Rebus se puso de rodillas y luego se incorporó sin ponerse en pie del todo. Se sentía moderadamente seguro. Al fin y al cabo, también él había tenido suerte. Habían escapado siete hombres en dos coches de policía y quedaban dos. ¿Dónde estaba el décimo?

– ¿Te encuentras bien, Siobhan? -preguntó en voz baja sin quitar ojo de los pistoleros.

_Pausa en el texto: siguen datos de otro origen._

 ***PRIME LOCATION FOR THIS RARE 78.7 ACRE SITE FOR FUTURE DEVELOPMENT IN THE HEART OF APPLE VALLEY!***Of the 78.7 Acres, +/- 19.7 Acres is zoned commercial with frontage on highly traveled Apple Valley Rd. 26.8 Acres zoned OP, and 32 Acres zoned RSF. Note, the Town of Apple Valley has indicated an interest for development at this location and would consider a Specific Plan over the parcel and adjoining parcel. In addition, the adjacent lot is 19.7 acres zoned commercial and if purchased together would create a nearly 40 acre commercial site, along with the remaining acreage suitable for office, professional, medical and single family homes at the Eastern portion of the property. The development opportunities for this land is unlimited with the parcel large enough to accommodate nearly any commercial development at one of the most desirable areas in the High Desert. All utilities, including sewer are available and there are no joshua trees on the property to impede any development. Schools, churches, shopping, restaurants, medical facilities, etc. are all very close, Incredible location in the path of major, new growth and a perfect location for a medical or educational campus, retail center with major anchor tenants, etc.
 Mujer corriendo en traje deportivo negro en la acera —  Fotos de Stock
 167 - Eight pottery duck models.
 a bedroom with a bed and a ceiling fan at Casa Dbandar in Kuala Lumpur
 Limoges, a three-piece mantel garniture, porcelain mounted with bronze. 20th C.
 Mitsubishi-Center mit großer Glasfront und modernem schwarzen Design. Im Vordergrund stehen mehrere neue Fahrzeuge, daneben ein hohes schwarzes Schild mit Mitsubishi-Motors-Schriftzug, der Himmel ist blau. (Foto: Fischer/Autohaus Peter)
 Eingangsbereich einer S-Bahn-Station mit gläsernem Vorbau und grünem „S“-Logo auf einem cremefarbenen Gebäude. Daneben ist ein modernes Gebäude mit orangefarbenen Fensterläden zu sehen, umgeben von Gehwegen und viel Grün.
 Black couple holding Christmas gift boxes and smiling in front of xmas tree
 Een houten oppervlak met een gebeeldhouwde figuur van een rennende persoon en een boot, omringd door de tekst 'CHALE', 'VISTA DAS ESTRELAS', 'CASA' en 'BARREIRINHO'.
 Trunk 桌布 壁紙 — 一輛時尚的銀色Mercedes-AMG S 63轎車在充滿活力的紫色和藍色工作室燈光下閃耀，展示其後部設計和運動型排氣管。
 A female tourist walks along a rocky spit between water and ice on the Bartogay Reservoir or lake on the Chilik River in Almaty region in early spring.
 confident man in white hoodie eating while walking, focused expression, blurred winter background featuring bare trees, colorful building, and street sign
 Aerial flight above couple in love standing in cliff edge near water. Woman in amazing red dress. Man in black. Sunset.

– Estoy bien -respondió Clarke-. ¿Y tú?

– Bien.

Rebus se alejó hacia la cabina del camión. Vio al conductor inconsciente doblado sobre el volante y sangrando por la herida resultante de la colisión. En el otro asiento había un tubo parecido a un lanzagranadas que al dispararse había abierto aquel enorme boquete en la fachada. Registró al conductor: no llevaba armas, le tomó el pulso y comprobó que era normal. Le miró la cara y reconoció a uno de los asiduos al salón de recreativos, un muchacho de unos diecinueve o veinte años. Sacó las esposas, le dejó sujeto al volante y tiró el lanzagranadas al asfalto.

Luego, se dirigió al portón, donde encontró tumbado boca abajo a Jack Morton sin gorra y cubierto de trozos de vidrio. Una bala le había atravesado el bolsillo derecho de la pechera del uniforme y su pulso era débil.

– ¡Dios, Jack…!

En la cabina había un teléfono, marcó el 999 y pidió una ambulancia.

– ¡Fuerzas de policía en la factoría Maclean's de Slateford Road! -dijo sin apartar la vista de su amigo.

– ¿En qué número de Slateford Road?

– En cuanto enfilen la calle no tiene pérdida.

Rodeaban la cabina cinco tiradores con uniforme negro apuntándole, pero viendo que no soltaba el teléfono y que les decía que no con la cabeza continuaron al ver que afuera los dos pistoleros se disponían a escapar en un coche patrulla. Les dieron el alto, pero ellos respondieron con una descarga y Rebus volvió a agazaparse. Los tiradores respondieron al fuego y durante un momento hubo un ruido ensordecedor.